First of all, I would like to thank Shigeru, for convening this workshop along with colleagues from UNESCO Headquarters and the UN System Staff College.
I hope this workshop will prove equally beneficial to RCs, RCO colleagues and UN Agency representatives from across Southeast Asia, following the first regional workshop last year, which was very well received and generated positive feedback.
We all recognize how important the freedom of speech, access to information, and safety of journalists are for societies across the region. Yet each country in this region is facing its own challenges in these critical and interconnected areas.
Free speech is a basic freedom that underpins all our other freedoms as the unrestricted flow of information is key to sustainable development, cohesion, and inclusion.
Threats to this freedom is directly linked to shrinking civic spaces, which is critical for advancing the SDGs.
Journalists and media outlets can serve as an important bulwark against this trend along with citizen journalism and robust online civic spaces, which are growing across the region.
However, even as the digital divide shrinks, we are facing challenges in the form of new restrictions being placed on online spaces by governments.
Last week I had the opportunity to address the Thai Journalist Association on National Journalist Day, which gave me an opportunity to discuss some of these issues with media professionals.
They stressed the importance of Thailand as a regional media hub with more than 300 foreign news organizations based in the country.
Yet despite this robust media landscape, they told me, journalists continue to face various limits on their reporting.
One way in which their work is constrained involves punitive defamation laws to try and silence critical voices.
Strategic lawsuits against public participation, or SLAPP, can create economic burdens on journalists in defending themselves while their families and supporters can also be targeted for legal action.

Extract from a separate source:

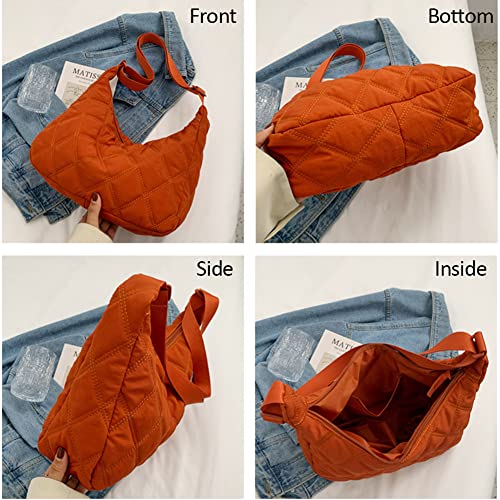 Hobo Bags for Women Fashion Puffer Shoulder Bag Small Tote Crossbody Bags for Women Casual Satchel Purses (Orange)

Although SLAPP prosecutions against the media account for only 3% of cases, they can have a chilling effect on free speech and press freedom.
The UN Country Team is working to address this and other threats to freedom of speech and access to information through our Cooperation Framework with Thailand.
What we have learned is that some UN agencies have a greater depth of institutionalized relationship with the Government, which makes them especially well positioned to impact on these issues.
In Thailand one of these agencies is UNESCO, which has had a close working relationship with the country’s security apparatus. UNESCO has leveraged this to provide trainings to prosecutors, police officers and journalists.
These have been well received with the police requesting for all officers to be trained on freedom of assembly and safety of journalists in the run-up to national elections.
Another example of the depth of the UN’s ongoing relationship with the Government is the support UNODC is lending to the drafting of ministerial regulation on the use of force.
At the same time, Universal Periodic Reviews provide us with further opportunities for deepening dialogues with governments.
In this context Thailand’s commitment to improve the capacity of police, security forces and other law enforcement agencies to respect the rights of free assembly and expression creates entry points for the wider UN system to provide concrete support to meet their UPR commitments.
Going forward, we seek to strengthen interagency collaborations with government to expand the boundaries of free speech, ensure free access to information and protect the safety of journalists.
Workshops like this provide us with excellent opportunities to learn from each other on how to create new entry points in different country contexts for taking this agenda forward.
I also know that we will be taking some of the lessons that we draw from this workshop to the RC’s retreat where UNESCO and OHCHR will be leading a more in-depth dialogue.
Let me thank you once again for participating in this workshop.